C’est dans ces termes que madame Stangl évoque à Gitta Sereny, journaliste et écrivain, les premières explications que lui a données son mari sur son métier. Les constructions étaient des chambres à gaz, le lieu de travail, Tréblinka, Franz Paul Stangl en était le commandant. Il était une des chevilles ouvrières de ces massacres de masse qui atteindront leur apogée industrielle à Auschwitz-Birkenau. Pourtant ce n’est pas directement de lui, ni de ses homologues, ni du génocide des Juifs et des Tsiganes, dont il sera question, ici. Mais de... la représentation des bourreaux.

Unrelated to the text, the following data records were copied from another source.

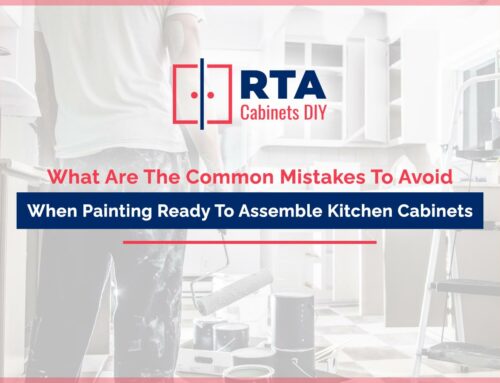 What Are The Common Mistakes To Avoid When Painting Ready To Assemble Kitchen Cabinets?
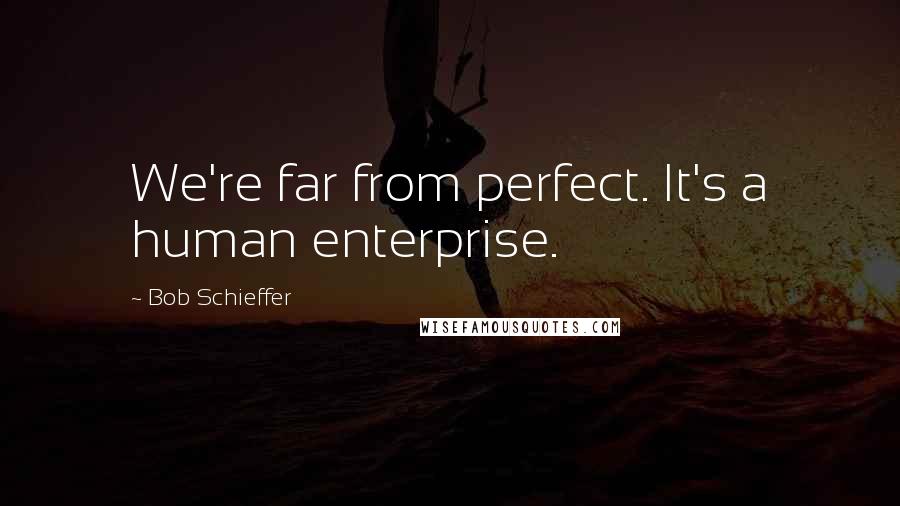 Bob Schieffer Quotes: We're far from perfect. It's a human enterprise.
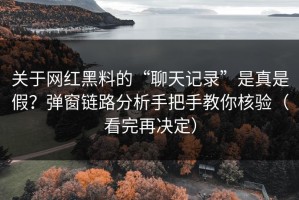 关于网红黑料的“聊天记录”是真是假？弹窗链路分析手把手教你核验（看完再决定）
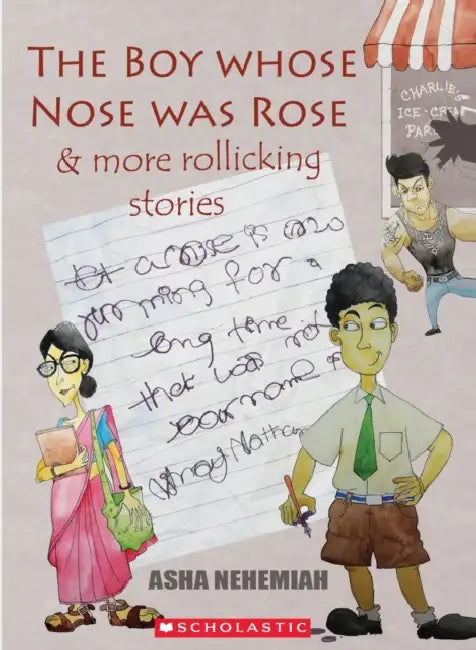 The Boy Whose Nose Was Rose & More Rollicking Stories by Asha Nehemiah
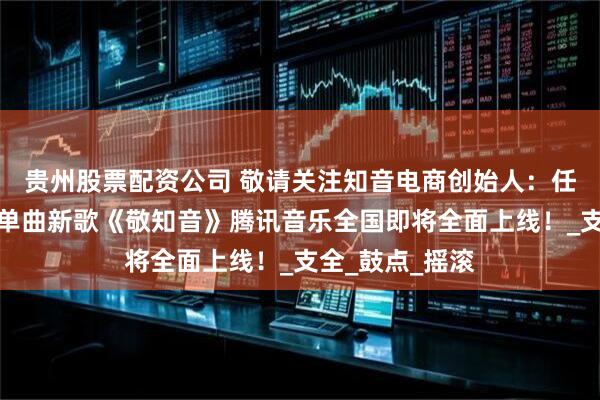 贵州股票配资公司 敬请关注知音电商创始人：任长超先生原创单曲新歌《敬知音》腾讯音乐全国即将全面上线！_支全_鼓点_摇滚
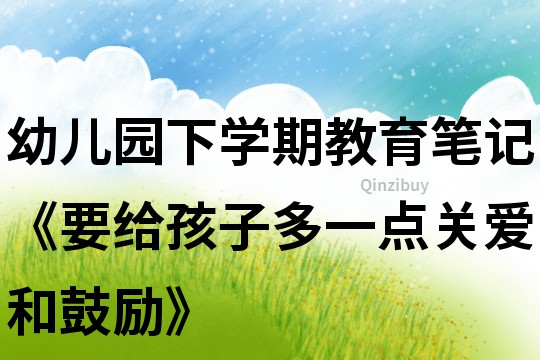 幼兒園下學期教育筆記《要給孩子多一點關愛和鼓勵》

Les bourreaux, au sens strict, n’existent pratiquement plus. Quand on en parle, c’est par abus de sens. Par excès. Il s’agit des agents (perpetrator, en anglais, Täter, en allemand) de ces vastes tueries et de ces génocides qui, depuis le génocide commis, entre 1915 et 1916, par les Turcs sur les Arméniens, sont une des spécificités de notre siècle.

entre guillemets

Les « bourreaux » sont en deçà des mots et du sens qui les évoquent. Contrairement à de nombreux pans du réel, leur réalité reste en défaut des discours tenus à leur propos. C’est pourquoi tenter de parler d’eux, ou de les représenter, comporte des risques. Entre autres, celui de les rendre attrayants, voire sympathiques. Il est cependant important de les sortir de l’anonymat dans lequel ils demeurent, et grâce auquel ils passent souvent inaperçus. À cause de cela, on a trop tendance à les confondre avec
« Monsieur Tout-l’monde ».

Ils ont, au XXe siècle, occupé ces lieux, désertés par le sens et en proie aux désirs insconscients les plus refoulés, que sont potentiellement les machineries bureaucratiques et les corps chargés du maintien de l’ordre. Machineries qui sont aux services des partis ou des États - au service de quoi seront-elles, après-demain ? Quelles formes prendront-elles ?

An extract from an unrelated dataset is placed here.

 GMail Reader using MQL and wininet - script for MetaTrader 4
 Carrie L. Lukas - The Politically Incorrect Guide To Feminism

Ce qui caractérise les « bourreaux » ce n’est pas tant une catégorie socio-professionnelle ou une
classe, qu’un certain rapport de soumission à la hiérarchie et à l’ordre reçu, une faculté de se déresponsabiliser en s’en remettant au désir d’un être qui tient lieu d’Autre, incarné ou non, qui fait loi, et un type de conscience très soucieuse du travail bien fait.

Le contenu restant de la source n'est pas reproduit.